I turn my head, not at all surprised to see Max standing beside me, staring after the cab, looking about as shocked as I feel.

"Subtle, Isabel," he mutters. He sighs heavily, stuffing his hands into the pockets of his leather jacket. He finally looks at me. "So. Sorry about that."

"What the heck?" I demand. "Is your sister insane?"

"No," Max replies. "Just pushy." He meets my eyes. "She knows we need to talk, and she knew I was going to chicken out."

I stare at him in dismay. It is entirely clear that there is no way out of this. We are going to be sharing a cab all the way back to Manhattan. Because how can I possibly expect Max to believe that I won’t even split the cost of a taxi with him? He’ll just get suspicious, rightfully.

Which means that I am going to have to use this cab ride to put on the greatest performance of my life. Because what choice do I have? The man in black’s frightening face passes through my mind.

There is no choice. Avoiding Max obviously hasn’t worked. So I’m just going to have to flat-out tell him that I want nothing more to do with him - ever.

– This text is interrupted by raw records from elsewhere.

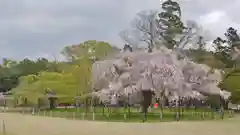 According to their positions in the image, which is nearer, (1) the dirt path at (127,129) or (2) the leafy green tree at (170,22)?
(1) the dirt path at (127,129)

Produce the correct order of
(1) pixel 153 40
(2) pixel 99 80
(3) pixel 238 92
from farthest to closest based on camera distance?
(1) pixel 153 40 → (3) pixel 238 92 → (2) pixel 99 80

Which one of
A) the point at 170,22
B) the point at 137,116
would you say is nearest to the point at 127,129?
the point at 137,116

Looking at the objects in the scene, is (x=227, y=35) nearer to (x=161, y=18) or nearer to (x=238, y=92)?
(x=161, y=18)

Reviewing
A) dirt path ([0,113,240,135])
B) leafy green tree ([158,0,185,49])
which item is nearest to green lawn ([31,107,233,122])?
dirt path ([0,113,240,135])

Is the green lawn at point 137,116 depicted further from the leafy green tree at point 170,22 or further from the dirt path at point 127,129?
the leafy green tree at point 170,22

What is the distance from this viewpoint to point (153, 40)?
4350 centimetres

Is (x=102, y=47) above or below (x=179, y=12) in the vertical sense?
below

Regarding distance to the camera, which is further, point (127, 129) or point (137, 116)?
point (137, 116)

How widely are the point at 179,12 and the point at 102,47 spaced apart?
14465 mm

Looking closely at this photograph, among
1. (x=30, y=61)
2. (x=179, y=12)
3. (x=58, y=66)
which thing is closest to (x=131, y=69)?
(x=58, y=66)

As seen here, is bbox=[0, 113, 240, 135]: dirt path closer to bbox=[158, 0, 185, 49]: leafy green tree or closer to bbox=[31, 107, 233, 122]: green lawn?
bbox=[31, 107, 233, 122]: green lawn

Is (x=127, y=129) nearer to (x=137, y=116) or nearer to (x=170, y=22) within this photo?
(x=137, y=116)

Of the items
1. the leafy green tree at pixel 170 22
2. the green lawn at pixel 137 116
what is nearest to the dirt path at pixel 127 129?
the green lawn at pixel 137 116

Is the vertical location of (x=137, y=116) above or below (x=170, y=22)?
below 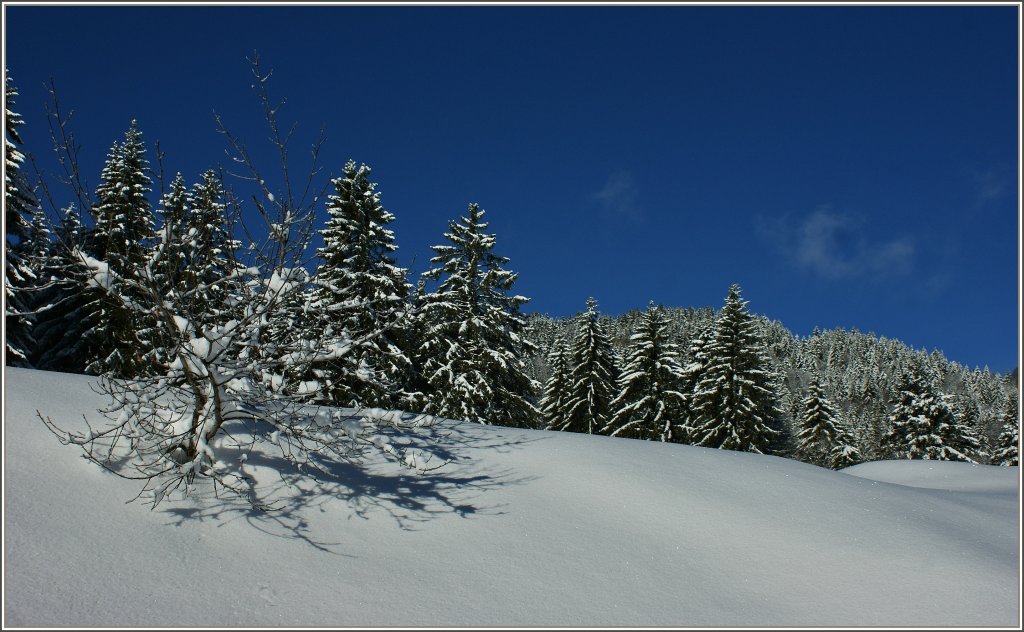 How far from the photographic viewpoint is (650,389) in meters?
28.2

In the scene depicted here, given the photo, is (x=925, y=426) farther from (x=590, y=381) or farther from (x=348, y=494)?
(x=348, y=494)

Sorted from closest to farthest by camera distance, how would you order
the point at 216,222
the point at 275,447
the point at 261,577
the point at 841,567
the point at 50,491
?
1. the point at 261,577
2. the point at 50,491
3. the point at 841,567
4. the point at 216,222
5. the point at 275,447

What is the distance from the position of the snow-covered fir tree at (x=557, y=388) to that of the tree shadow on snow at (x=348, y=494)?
78.5ft

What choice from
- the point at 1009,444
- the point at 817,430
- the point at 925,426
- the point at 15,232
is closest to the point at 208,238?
the point at 15,232

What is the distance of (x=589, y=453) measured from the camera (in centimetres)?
795

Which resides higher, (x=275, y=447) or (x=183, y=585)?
(x=275, y=447)

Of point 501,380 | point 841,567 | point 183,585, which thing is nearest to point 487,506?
point 183,585

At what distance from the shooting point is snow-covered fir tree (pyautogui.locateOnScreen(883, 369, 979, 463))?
110 feet

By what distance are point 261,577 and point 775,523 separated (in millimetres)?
5222

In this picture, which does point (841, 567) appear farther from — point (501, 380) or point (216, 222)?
point (501, 380)

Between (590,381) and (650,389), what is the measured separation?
3.16 metres

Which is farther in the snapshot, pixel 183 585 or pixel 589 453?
pixel 589 453

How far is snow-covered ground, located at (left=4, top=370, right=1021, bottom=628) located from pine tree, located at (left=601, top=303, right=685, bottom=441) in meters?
20.4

The problem is, how am I ever going to make him believe it? Just standing here beside him on the curb, waiting for a cab, all I want to do is touch him. It makes me wonder anew how I could ever have thought of him as nothing but a friend. What drugs was I taking anyway? My skin is tingling in a way that I didn’t even know was possible, craving the feel of his fingers.

Well, there are no ifs, ands, or buts about it. As we climb into the taxi together, I know with absolute certainty that the next half an hour is going to be hell.